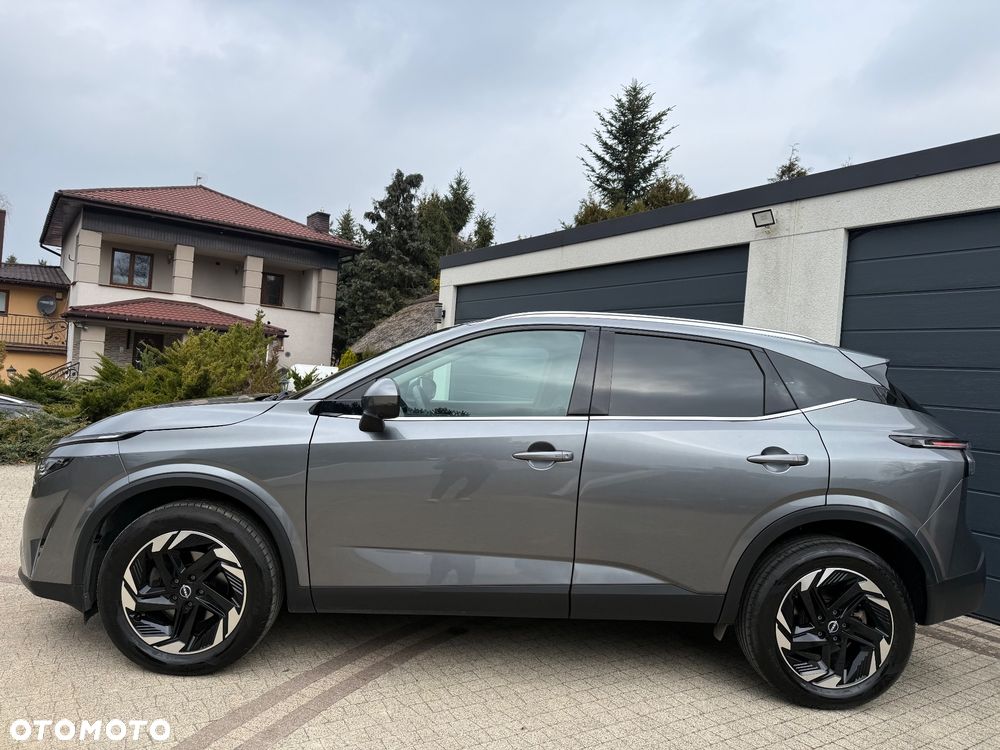 Nissan Qashqai 1.3 DIG-T MHEV N-Connecta Xtronic - 4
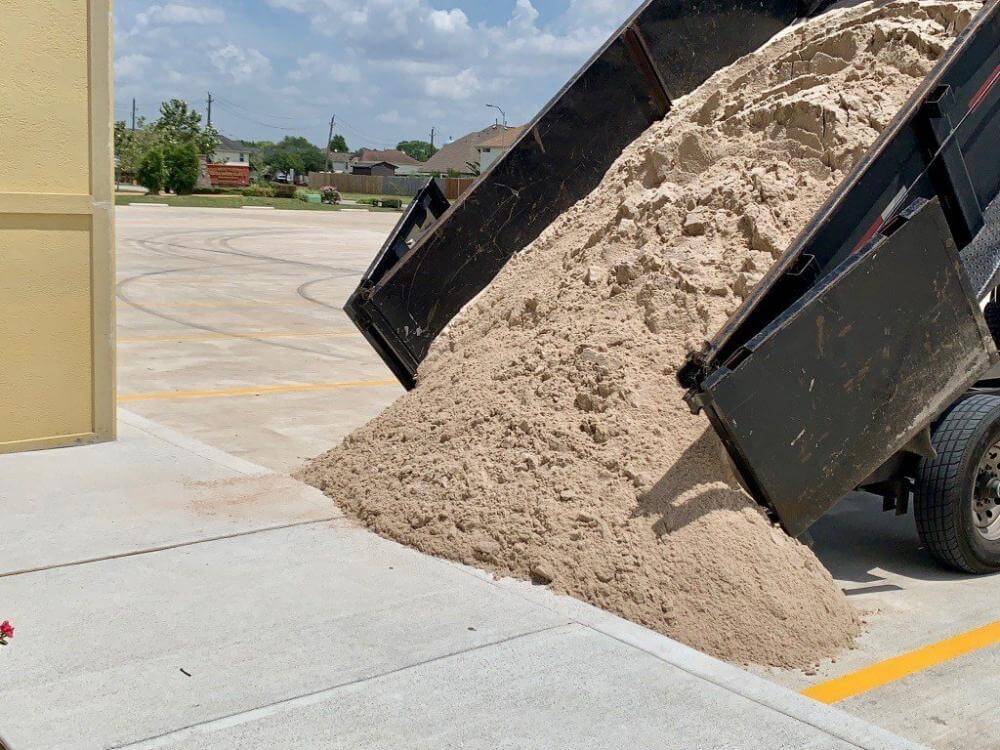 Mason Sand For Sale Sand Delivery Houston, TX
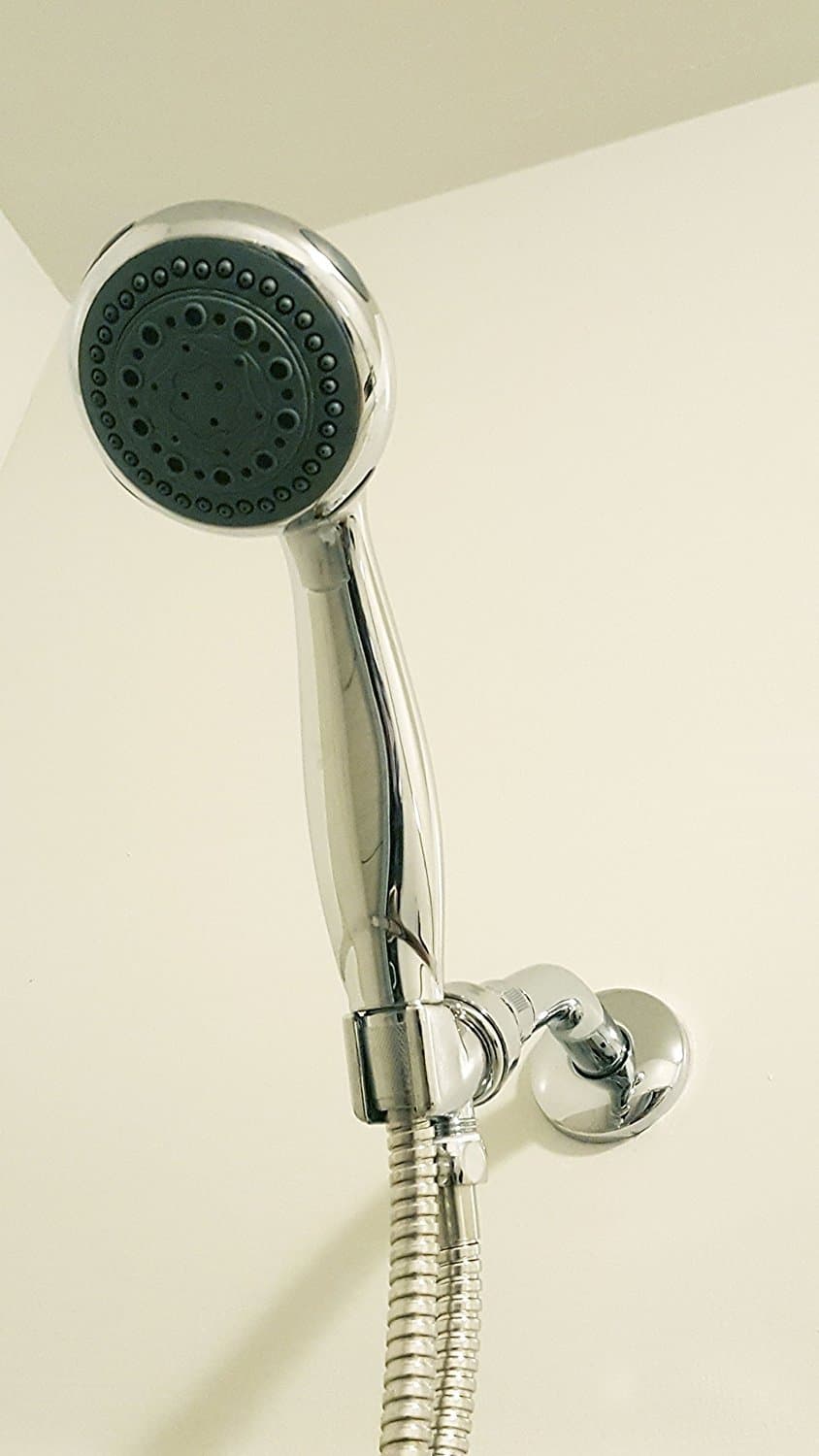 8-function Hand Shower/Handheld Massage Shower head, Chrome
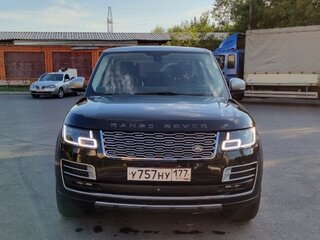 2013 Land Rover Range Rover IV, чёрный, 5300000 рублей, вид 1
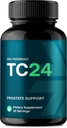 TC24カプセル、TC 24の前立腺の健康の補足の丸薬 - 余分強さ、TC 24サポート 前立腺のヒース すべての自然な方式、TC24のカプセル レビュー(60のカプセル)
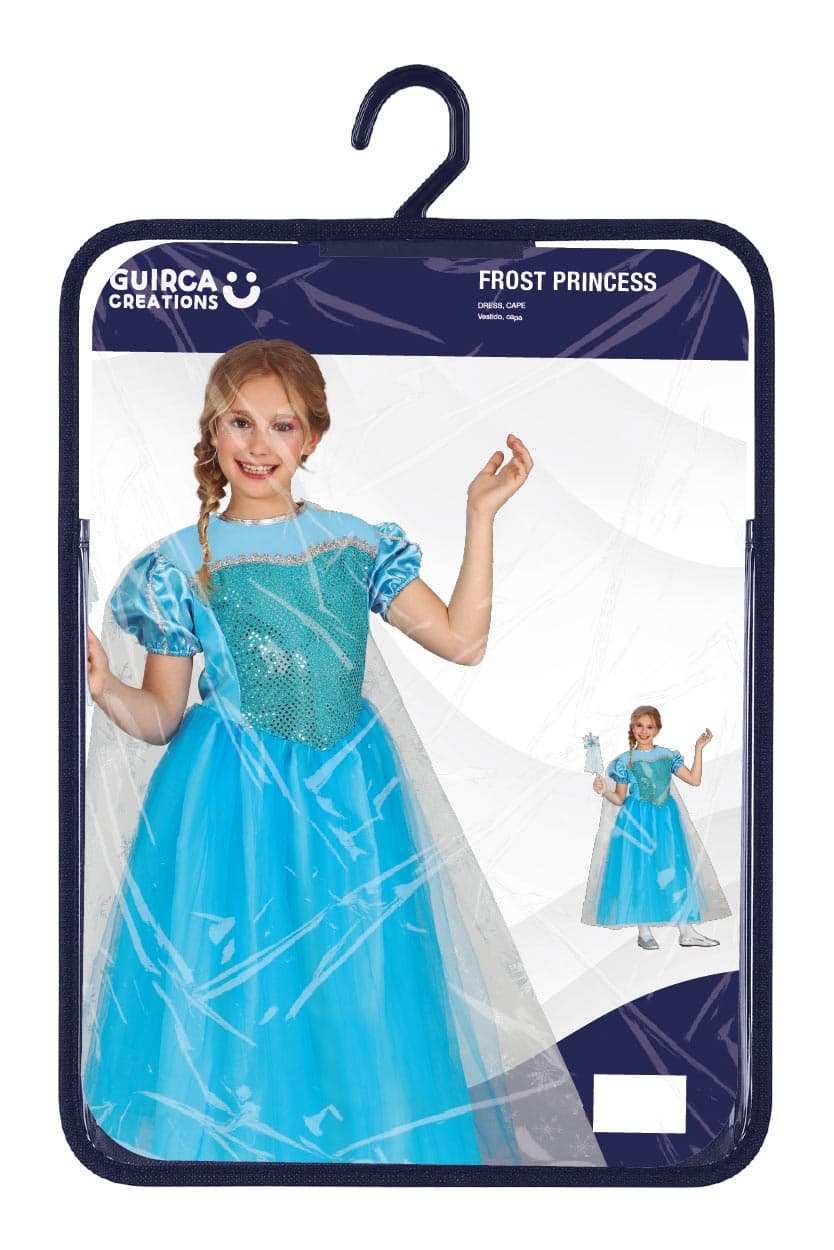 Frostprinsesse – kostume til piger, model 77767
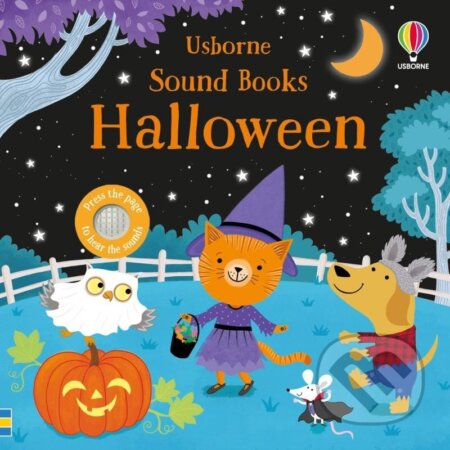 Kniha: Halloween Sound Book (Sam Taplin). Usborne, 2022 Kniha: Halloween Sound Book (Sam Taplin). Usborne, 2022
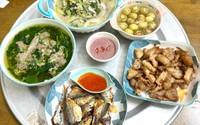 6 mâm cơm gia đình nấu vội sau giờ tan ca khiến cộng đồng thán phục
• • • • • • •
• **Your task**:
Go through the entries and retype them exactly, except for the images.

• **Result of this task**:
 Nissan Qashqai 1.3 DIG-T MHEV N-Connecta Xtronic - 4
 Mason Sand For Sale Sand Delivery Houston, TX
 8-function Hand Shower/Handheld Massage Shower head, Chrome
 2013 Land Rover Range Rover IV, чёрный, 5300000 рублей, вид 1
 TC24カプセル、TC 24の前立腺の健康の補足の丸薬 - 余分強さ、TC 24サポート 前立腺のヒース すべての自然な方式、TC24のカプセル レビュー(60のカプセル)
 Frostprinsesse – kostume til piger, model 77767
 Kniha: Halloween Sound Book (Sam Taplin). Usborne, 2022 Kniha: Halloween Sound Book (Sam Taplin). Usborne, 2022
 6 mâm cơm gia đình nấu vội sau giờ tan ca khiến cộng đồng thán phục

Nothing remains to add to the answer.